ERIC Number: ED390834
Record Type: RIE
Publication Date: 1995-Apr
Reference Count: N/A
An Educational Rehabilitation of Apprenticeship Learning? Draft.
This paper explores the relevancy of apprenticeships for professional training. While often neglected in current educational theory, apprenticeship training is common in the arts and in the mentoring and supervision of professionals. The apprenticeship model may provide solutions for some of the problems of the current educational system such as the lack of practical knowledge provided by a predominantly abstract education, the lack of a positive learning environment, difficulties with pupil motivation, selection of students for further education, and problems of discipline and authority. The apprenticeship model overcomes the gap between theory and practice by embedding learning activities in a natural context, leading to mastery of the skills, knowledge, and values of a discipline. The main components of apprenticeship training are: (1) production in a community with common skills, knowledge, and values; (2) professional identity; (3) learning through practice; (4) evaluation through practice; and (5) formal and informal apprenticeship. Apprenticeship training, after a period of decline, has reappeared in science, art, and the spiritual traditions.
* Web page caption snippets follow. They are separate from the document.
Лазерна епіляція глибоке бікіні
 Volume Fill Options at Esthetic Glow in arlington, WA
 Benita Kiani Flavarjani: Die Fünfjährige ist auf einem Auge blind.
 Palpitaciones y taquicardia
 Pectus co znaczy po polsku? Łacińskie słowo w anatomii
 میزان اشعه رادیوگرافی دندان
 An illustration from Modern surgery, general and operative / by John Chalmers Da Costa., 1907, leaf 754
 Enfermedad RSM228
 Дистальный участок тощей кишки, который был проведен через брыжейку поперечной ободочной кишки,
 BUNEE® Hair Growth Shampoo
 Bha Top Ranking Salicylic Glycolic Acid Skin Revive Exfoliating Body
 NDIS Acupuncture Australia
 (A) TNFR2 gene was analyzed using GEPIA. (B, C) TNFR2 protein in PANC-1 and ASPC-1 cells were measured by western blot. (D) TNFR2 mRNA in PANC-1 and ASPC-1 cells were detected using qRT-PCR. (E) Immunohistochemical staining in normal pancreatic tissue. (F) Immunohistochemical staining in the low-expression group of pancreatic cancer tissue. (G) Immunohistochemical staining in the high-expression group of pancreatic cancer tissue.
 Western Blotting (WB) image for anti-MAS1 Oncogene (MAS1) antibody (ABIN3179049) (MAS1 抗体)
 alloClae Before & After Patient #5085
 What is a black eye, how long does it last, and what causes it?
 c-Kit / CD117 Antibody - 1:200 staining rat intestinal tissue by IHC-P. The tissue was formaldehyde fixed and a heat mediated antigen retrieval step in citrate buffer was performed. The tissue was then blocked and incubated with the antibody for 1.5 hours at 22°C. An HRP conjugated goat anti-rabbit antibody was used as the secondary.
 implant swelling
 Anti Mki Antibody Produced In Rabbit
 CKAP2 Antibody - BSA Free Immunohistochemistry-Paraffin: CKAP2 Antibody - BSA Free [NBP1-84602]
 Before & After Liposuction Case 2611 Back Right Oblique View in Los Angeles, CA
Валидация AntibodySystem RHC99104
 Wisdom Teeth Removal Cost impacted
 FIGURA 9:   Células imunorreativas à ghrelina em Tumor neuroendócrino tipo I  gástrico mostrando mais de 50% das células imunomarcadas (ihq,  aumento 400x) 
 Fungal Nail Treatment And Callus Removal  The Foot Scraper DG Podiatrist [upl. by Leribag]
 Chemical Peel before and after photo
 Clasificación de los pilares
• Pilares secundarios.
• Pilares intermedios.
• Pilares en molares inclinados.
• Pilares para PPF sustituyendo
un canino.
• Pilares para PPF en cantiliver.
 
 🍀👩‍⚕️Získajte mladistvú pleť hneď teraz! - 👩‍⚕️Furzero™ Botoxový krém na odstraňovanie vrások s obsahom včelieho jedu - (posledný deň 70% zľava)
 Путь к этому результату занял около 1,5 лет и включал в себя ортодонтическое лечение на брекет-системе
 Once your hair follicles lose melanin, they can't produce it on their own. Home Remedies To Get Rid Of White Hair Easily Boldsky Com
Finally, apprenticeships are appropriate in a postmodern condition characterized by: the decentering of knowledge and an understanding of the individual as a network of relations; the shift from a conception of knowledge based on universal laws to knowledge as embedded in specific language games and in local contexts and not automatically transferable across contexts; reliance on tacit knowledge and intuitive experience; and pragmatic knowledge. (Contains 17 references.) (ND)
Publication Type: Opinion Papers; Speeches/Meeting Papers
Education Level: N/A
Authoring Institution: N/A
Note: Paper presented at the Annual Meeting of the American Educational Research Association (San Francisco, CA, April 18-22, 1995).